Bölge sakinlerinin konuya ilişkin açıklamaları şöyle:

Ayşenur Özdemir: "2017'den beri Yusufeli’nde yaşıyorum ve bir yıla yakındır da esnaflık yapıyorum. Yeni bir düzen oturtmuştum, bizi yukarıya taşıyacaklarını söylediler, kısa bir süre içerisinde. Bütün siyasiler yani şu taşınma için onayını veren tüm siyasiler ‘biz bu insanları mağdur etmeyeceğiz’ diyorlardı. Ama şuradan başlayın caddenin başından sonuna kadar herkes mağdur. Ben de bu mağdur olanların içindeyim. Yukarıda bir yıla yakın bir süre inşaat bitmeyecek ve sistem oturmayacak ve benim ticari kaybım olacak. Dükkânın var ama bekar olduğum için ev bulamıyorum. Memura vereceğiz, bekara ev vermiyoruz diyorlar. Kiralar çok fahiş fiyatta ve üzerine bir de aidatlar eklenecek. Bu konuyu bir açıklığa kimse getirmiyor ve kimse bize bir muhatap alıp düzgün bir açıklama yapmadığı için kafalarımız karışık ve gerçekten toplumsal bir travma yaşadığımızı düşünüyorum şu dönemde. Zaten biz bu yerleşim yerinin yarısı kaldırıldığı için inşaat halinde bir yerde yaşıyorduk yukarıda da aynı durum var. Yeni yerleşim yerindeki yapılandırma bu şehrin sosyal yapısına hiç uygun değil. Burada yoldan geçen herhangi biri benim müşterim olabilecekken orada dükkânı açtığın bölgedeki insanlara hizmet verebileceğim. Büyük bir ihtimalle bu da benim kazancımı düşürecek, faturalar ki zaten yaşam şartları çok düşük olduğu için geleceğim hakkında korkularım var ya şuna da yemin edebilirim. Ben burada kamyonları doldurup götürdükleri günden beri rahat bir uyku uyuyamıyorum, stres altındayım."

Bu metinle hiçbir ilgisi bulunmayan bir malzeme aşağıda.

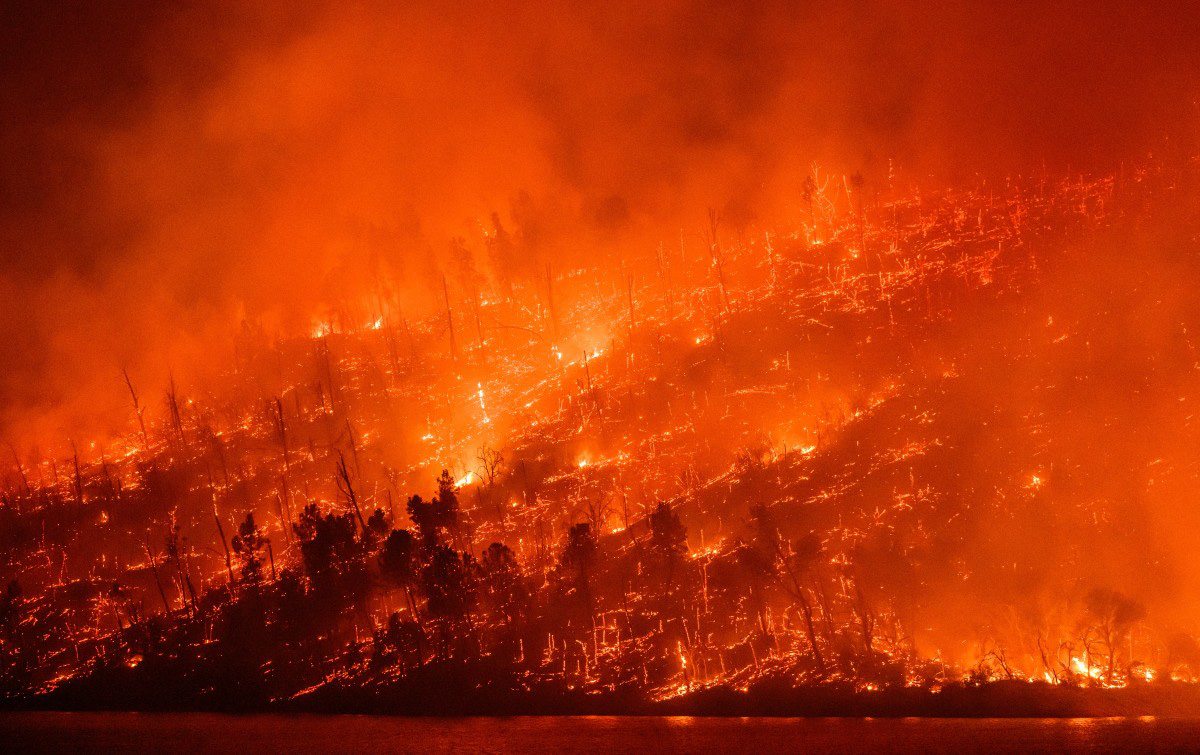 Cháy rừng kinh hoàng buộc 13.000 người sơ tán ở bang California- Ảnh 3. Đám cháy rừng Thompson bùng phát quanh hồ Oroville ở Oroville, bang California vào ngày 2-7. Một đợt nắng nóng đang khiến nhiệt độ tăng cao, dẫn đến cảnh báo cháy rừng nghiêm trọng trên khắp bang này - Ảnh: AFP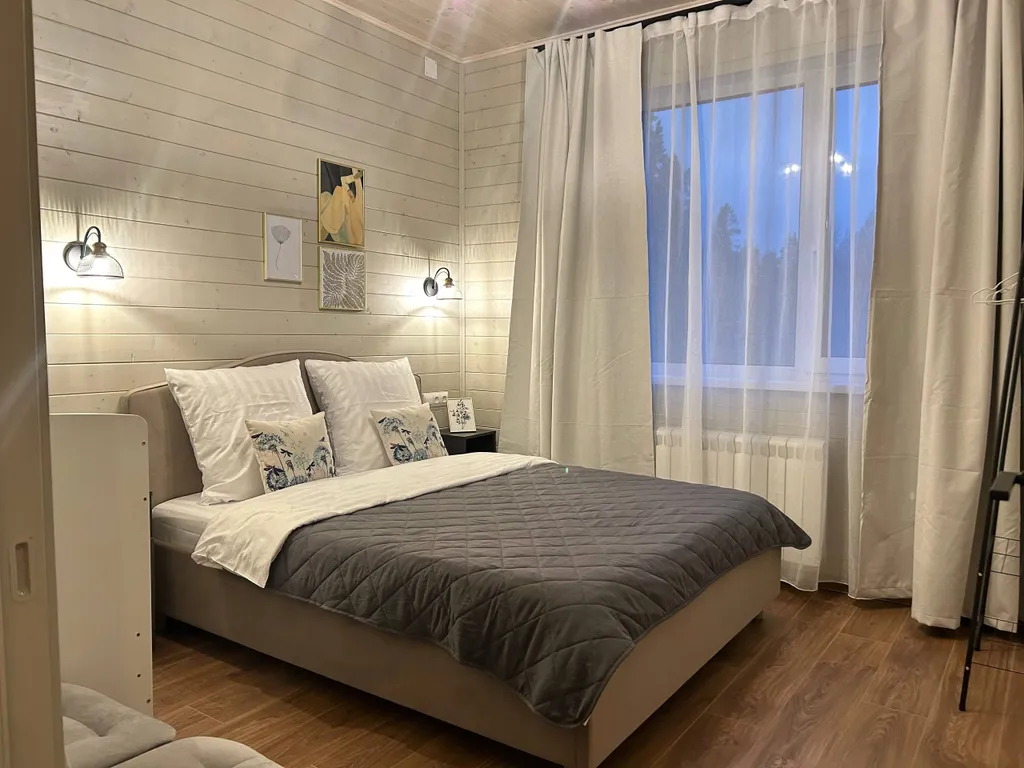 Дом с собственным сосновым лесом недалеко от поселка Сосново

'MEVCUT VERİLER BU GÖÇ DALGASININ DAHA FAZLA OLACAĞINI GÖSTERİYOR'

Ayhan Sezer: "7 yıldır esnaflık yapıyorum ve Yusufeli’nde üç kuşaktır da burada hayatımı idame ettiriyorum. Yusufeli’nin taşınma süreci ilk valinin basın açıklamasını yapmasından sonra hızlandı. Şu anda biz bu taşınmayı erken görüyoruz hatta bunun erken olduğunu daha önce de dile getirdik. Toplantılar yaptık, yukarıya her hafta olağan gelen bir heyet var, heyetle görüşmelerimiz oldu. Yusufelilerinin ticari faaliyet gerçekleştiren esnaf olarak çok büyük bir ticari daralmanın içine düşeceğimizi öngörüyorduk. Bununla ilgili de belli başlı hazırlıkların yapılmasına dair doneleri kendilerine sunduk ve böyle bir düşüncemiz var, bununla ilgili herhangi bir çalışmanız var mı diye sorduğunuzda bize herhangi bir yanıt veremediler. Şimdi onların öngörmüş olduğu yüzde 30'luk bir göç dalgasının olacağı beklendiği öne sürüldü, ama ben bu göç dalgasını daha büyük olacağını tahmin ediyorum."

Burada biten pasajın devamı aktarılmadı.